Há apenas duas peças nesta exposição, e contudo elas envolvem-nos num ambiente sedutor, irreal, fantasmático. Jorge Santos, que agora apresenta Casa de Vidro na Giefarte, tem-nos habituado ao desenho minucioso de sombras ou projecções de plantas e flores, ora isoladas ora agrupadas em conjuntos de folhagem que evocam longinquamente imagens dos urbanos jardins que nos rodeiam. Obtidas por processos que incluem a projecção de formas sobre o suporte, recordam de modo muito imediato as sombras projectadas de Lourdes Castro ou, a um outro nível, o cuidado quase oriental da representação do mundo da natureza. Contudo, uma observação atenta afasta-nos destes referentes. Enquanto que, para a primeira, a obra obedecia ao propósito de registar a evanescência da sombra, e no segundo caso ao interesse conceptual pelo respeito da tradição e pelo valor do infinitamente banal, na obra de Jorge Santos estes pressupostos afastam-se perante uma reflexão sobre a presença e a pertinência do natural no mundo contemporâneo.

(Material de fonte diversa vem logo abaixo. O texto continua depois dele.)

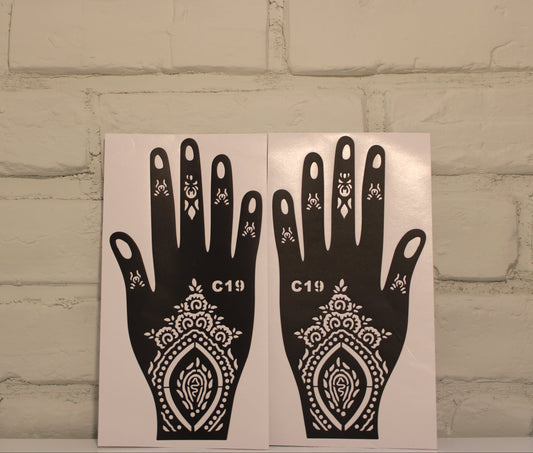 Henna Stencils Style 1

Olhemos então, de novo, para a exposição. Duas peças, como dizíamos: um conjunto de painéis sobre papel, pintados a vermelho escuro e azul claro, separados por molduras amarelas (A grande janela); e uma segunda obra, a verde e rosa, sobre uma cortina de ripas (Brise-soleil); ao puxar a corrente que movimenta as ripas, é possível controlar o movimento da pintura desde a presença da sombra das folhagens até ao vazio. As duas peças instituem uma escala muito própria no espaço: a primeira, sobretudo, impõe-se visualmente na parede maior da galeria, ao mesmo tempo que a utilização das cores saturadas, distantes das que são obtidas pela representação fotográfica, nos coloca no plano próprio da arte. Não se trata de representação, no sentido de tentativa de capturar mimeticamente o real, mas de apresentação, de uma ficção sobre a natureza.

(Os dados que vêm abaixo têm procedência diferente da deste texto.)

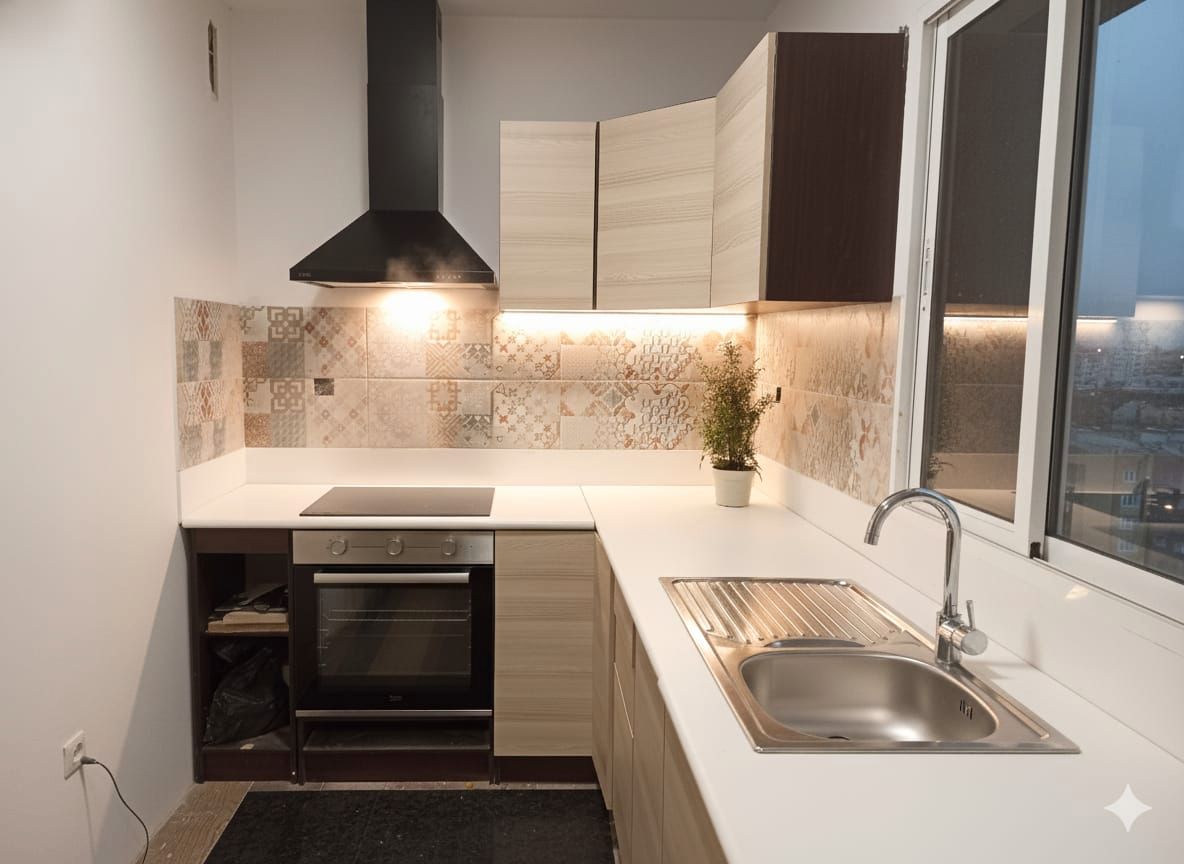 Kitchen of Flat for sale in Alicante / Alacant  with Furnished and Community pool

João Pinharanda, no texto de apresentação incluído no catálogo, cita a paisagem romântica para nos demonstrar como a obra de Jorge Santos se coloca no extremo diametralmente oposto do pensamento que a sustentava.Para o artista romântico, a paisagem era não apenas o lugar da experiência do sublime, como espelho fosco de um eu absoluto que se pretendia autêntico, nunca revelado na cidade corrompida, e por isso fonte de inspiração e (mais tarde, quando os avanços da técnica pictórica o permitiram) objecto da pintura “do natural”. Ora, apesar de Jorge Santos conhecer esta história, apesar de nos confirmar que parte da projecção de imagens que tiveram a sua origem na realidade sensível, o processo de trabalho que é o seu, e sobretudo a quebra da imagem total que realiza através da inclusão de molduras amarelas ou de ripas distintas de plástico destrói por completo qualquer ilusão que o espectador possa querer construir sobre a unicidade da imagem da natureza. O que assistimos aqui é a um estilhaçar da sombra, primeiro, e dessa imagem, em seguida. Aquilo que nos apresenta aqui é, enfim, a introdução do movimento lento da cortina como agente transformador da imagem da pintura. Já não se trata de pintura, trata-se de outra coisa.

E, como fica claro, essa outra coisa que aqui se cita permanentemente é o cinema. Não o cinema de hoje, hiper sofisticado tecnicamente, mas os filmes antigos de um Pudovkine, por exemplo, fascinados com o movimento das sombras sobre as superfícies brancas, mais tarde apropriados por um muito jovem Manoel de Oliveira em 1929. Jorge Santos fala-nos não de cinema, mas de vídeo e de instalação, que praticou durante anos. É deste trabalho com o movimento fugaz (das formas transparentes num écrã, ou do espectador na sala de exposições de uma instalação) que Casa de vidro também se ocupa.